When the Batch message is sent, the memory block it holds will be returned to the free, so that when the later Batch applies for the memory block, it will not create a new ByteBuffer, but can take it from the free, thus avoiding the problem of the memory block being reclaimed by JVM.

Next, let's analyze how to apply for memory and return memory.

1. Apply for memory

Apply for access to memory:

Org.apache.kafka.clients.producer.internals.BufferPool#allocate

1) sufficient memory

When a user requests for memory, if he discovers that there is free memory in the free, he or she will take it directly:

If (size = = poolableSize & &! this.free.isEmpty ()) {return this.free.pollFirst ();}

The size here is the requested memory size, which is equal to Math.max (this.batchSize, AbstractRecords.estimateSizeInBytesUpperBound (maxUsableMagic, compression, key, value, headers))

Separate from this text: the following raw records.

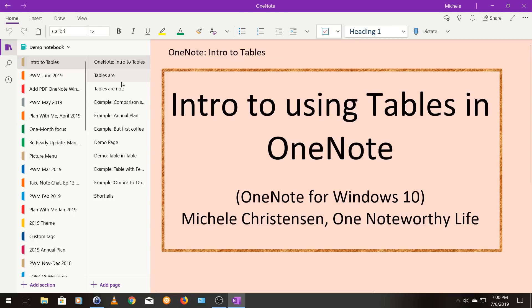If you want to see more OneNote tutorials like this, as well as videos on goals and life management, please subscribe by hitting the subscribe button and let me know you like this by hitting the thumbs up button. Thanks for watching and have a great day. Bye-bye.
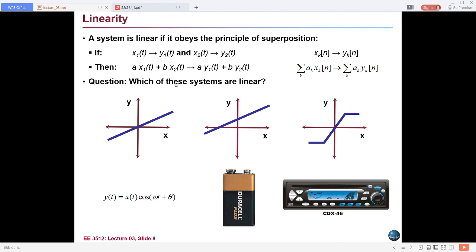For superposition: we individually have two inputs x1(t) and x2(t). We multiply them with constant values a and b. If the input is a·x1(t), the output will be a·y1(t); if the input is b·x2(t), the output will be b·y2(t). Now if we give both inputs together — a·x1(t) + b·x2(t) — and the system produces a·y1(t) + b·y2(t), then it is satisfying both homogeneity and superposition.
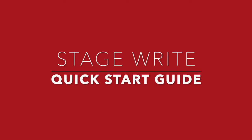Welcome to StageWrite. This is a quick start guide to help you get started, but there are detailed video tutorials and a user manual on our website that can show you everything you need to know about StageWrite.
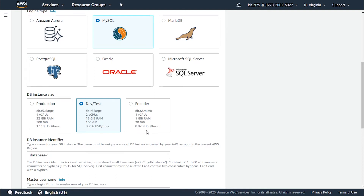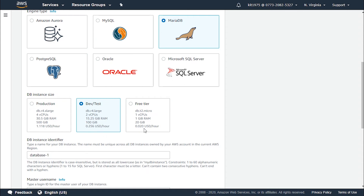For MariaDB, production charges $1.118 per hour, but the GiB RAM has dropped to 30.5. For development and testing it charges $0.256, and for the free tier it is $0.020 per hour.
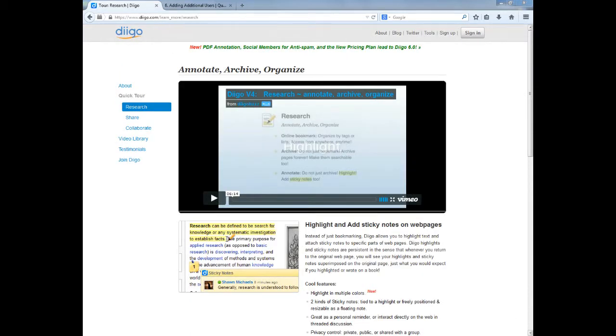Once you have a website stored in Diigo, you can then highlight and make notes on the website that are saved so when you return to that website later, your highlights and notes are still there.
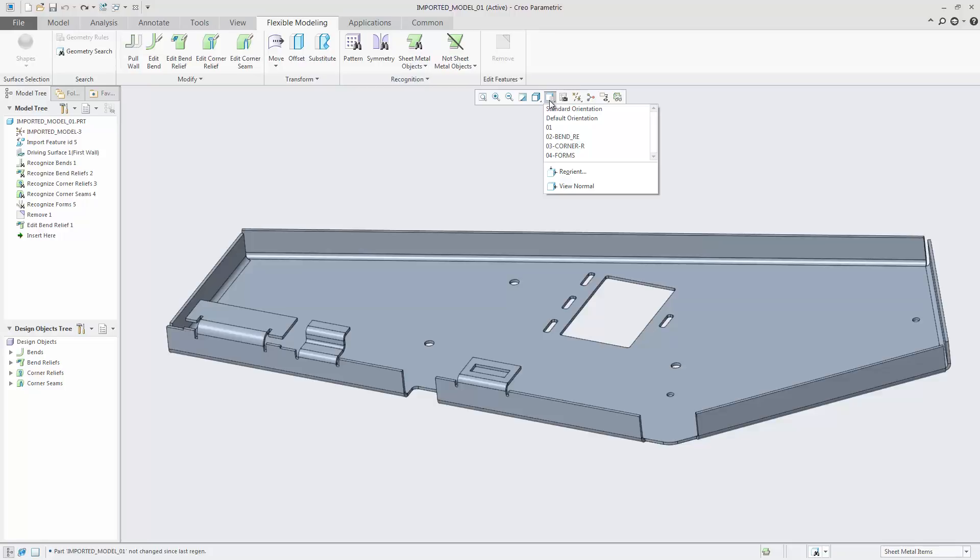In Creo Parametric 4.0, the Minitoolbar provides optimal support for object action workflows in sheet metal design.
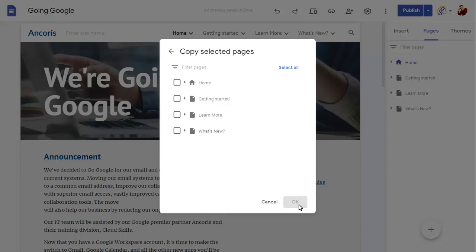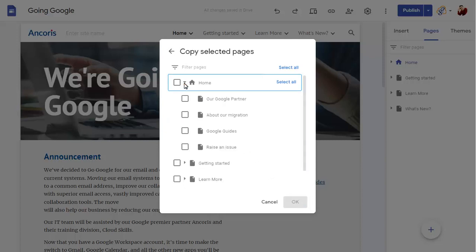You can now expand each section of the site and choose the pages that you want to copy to the new site.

That is, if your message size is less than batchSize, the memory size of the application is batchSize, then the above logic is that if the memory size of the application is equal to batchSize and the free is not idle, it will be obtained directly from free.

Let's think about it: why does Kafka have to apply for memory equal to batchSize in order to get free blocks of memory from free?

As mentioned earlier, the memory block size of the buffer pool is fixed, which is equal to batchSize. If the applied memory is larger than batchSize, it means that a message needs to store more memory than the memory block, so if it does not meet the demand, what if it is not satisfied with the needs of the group? Let's move on to the analysis:

/ / now check if the request is immediately satisfiable with the// memory on hand or if we need to blockint freeListSize = freeSize () * this.poolableSize;if (this.nonPooledAvailableMemory + freeListSize > = size) {/ / we have enough unallocated or pooled memory to immediately / / satisfy the request, but need to allocate the buffer freeUp (size); this.nonPooledAvailableMemory-= size;}

FreeListSize: refers to the total size of free memory blocks allocated and reclaimed in the free

NonPooledAvailableMemory: the unallocated free memory in the buffer pool, where the newly requested memory block gets the memory value.

This.nonPooledAvailableMemory + freeListSize: the total free memory space in the buffer pool.

If the memory space of the buffer pool is larger than the requested memory size, the freeUp (size); method is called, and then the free memory size is subtracted from the requested memory size.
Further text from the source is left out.